Das Gebäude für den Check in ist in einem Niemandsland in Tschornemorsk, 30 km vor Odessa. Kein Café oder sonstige Annehmlichkeiten, nur draussen ein überdachter Wartebereich. Da bleibt nur die 700 m entfernte Tankstelle, mit der einzigen Möglichkeit Lebensmittel zu kaufen. Daneben ein verruchtes, mir sehr sympathisches türkisches Restaurant. Ins Gebäude des Check in wird nur reingelassen, wer einen Propusk besitzt. Der Zugang zu den Toiletten gesperrt.

Dennoch, die nächsten Schritte sind wie beim Flieger, zumindest für Passagiere ohne Fahrzeug. Bei Autofahrern kann es hingegen lange dauern bis auf dem Schiff ankommend, ca. 6 Stunden. Ich stehe auf der Liste als Passagier, ab geht’s zum Warteraum. Später Gepäckkontrolle, Passkontrolle und ein Bus der ein paar Meter zum Schiff fährt. Sich in den Bus mit dem Gepäck zwängend. Wozu? Wieder eine kurze Kontrolle am Schiff und später an die Rezeption. Dort ereignet sich alles beengt und kompliziert. <<Weshalb es so lange für die Schlüsselübergabe dauert? Keine Ahnung.>> Man hat Zeit.

Dreimal täglich gibt es Essen, dies wird jeweils durchgesagt. Typisch ukrainische, einwandfreie, reichliche Küche. Die Essenszeit beträgt 30 Minuten, die Tische sind reichlich gedeckt. Hingegen ein Kaffee zum Frühstück? Fehlanzeige, muss in der Bar später gekauft werden. Dort sitzen zwei Passagiere, die dem Alkohol frönen. 

Auf dem Schiff ein Leben ohne Internet. Stattdessen Erholung, Ruhe und das Meer. Freizeitangebote, Sauna oder Pools, Fehlanzeige. Die MS Vilnius ist eine Fähre mit Baujahr 1987 in Wismar und im Guinness Buch der Rekorde, weil sie die meisten Eisenbahnwaggons aufnehmen kann.

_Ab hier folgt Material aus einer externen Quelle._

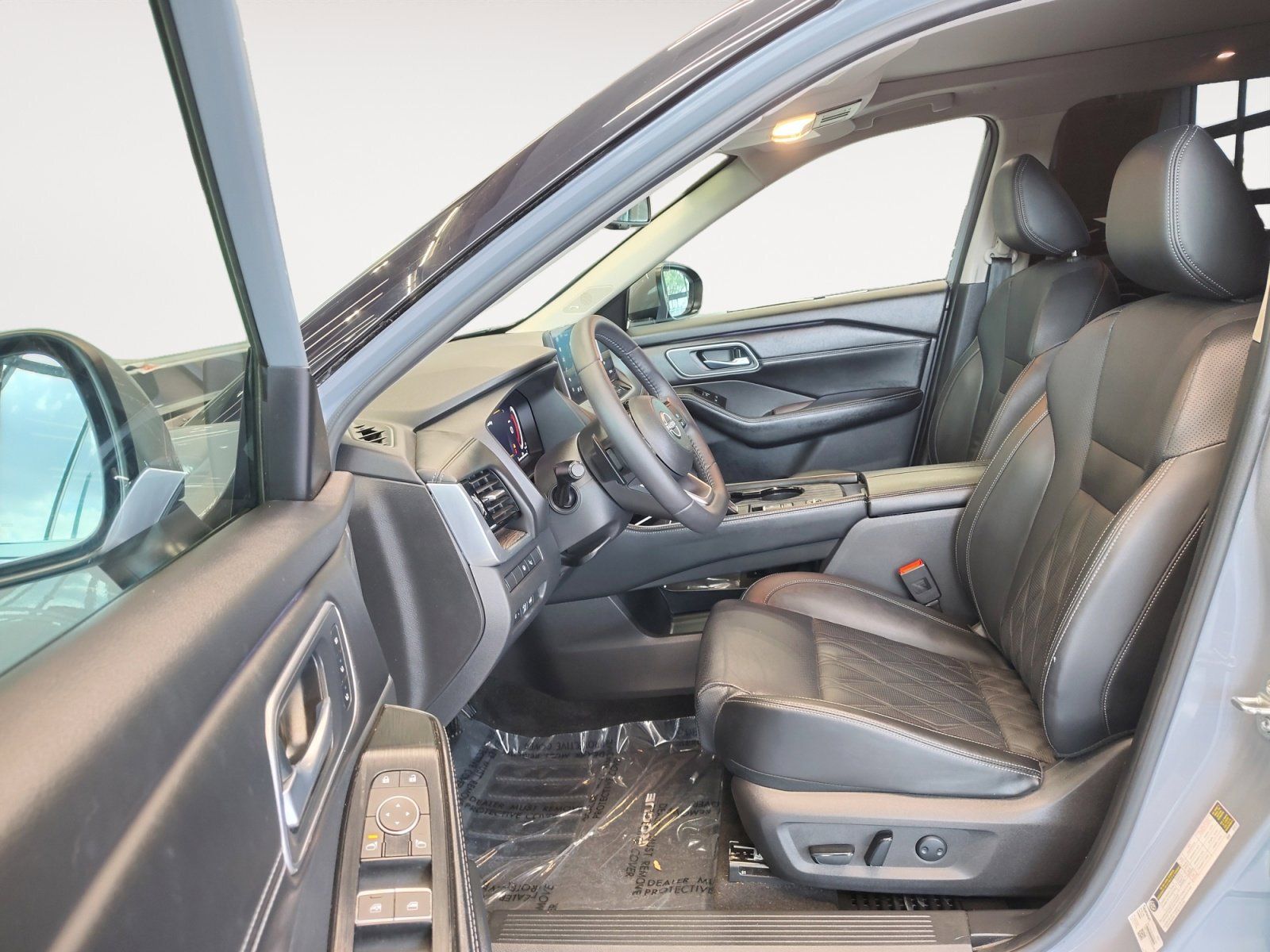 Used Car 2024 Nissan Rogue  Platinum For Sale Under $30,000 In San Antonio, Texas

Neben Eisenbahnwaggons werden LKWs, ein paar Autos und Motorräder transportiert.

50 Stunden dauert die Fahrt nach Poti, inkl. 10 Stunden Tankpause, über 1050 km werden zurückgelegt. Getankt wird auf dem Meer, zehn Stunden liegt die Fähre neben dem rumänischen Tankschiff. Wahrscheinlich werden so Steuern gespart. Alle sind glücklich an Bord zu sein, für die Fahrer hat die Einschiffung lange gedauert.
Sechs Kontrollpunkte mussten für die Fahrer passiert werden. Chaotisch halt, wie die Ukraine eben ist, und doch klappte alles noch. 

Durch das gemeinsame Essen und besonders auf den Decks ergeben sich Kontakte. Junge Leute, die ein Auto nach Georgien bringen, der Bergsteiger, der seine geheimen Plätze aufsucht, die Uniprofessorin mit viel Material für ein Ausgrabungsprojekt, Rucksacktouristen, wo der Weg deren Ziel ausmachen soll, die LKW Fahrer, die leider auch Tiere zur Schlachtung transportieren. 

Über 100 Passagiere befinden sich an Bord, jeder mit seiner Geschichte. Für die meisten Teil der Arbeit und eine ordentliche Erholung bevor die LKW-Fahrt weitergeht.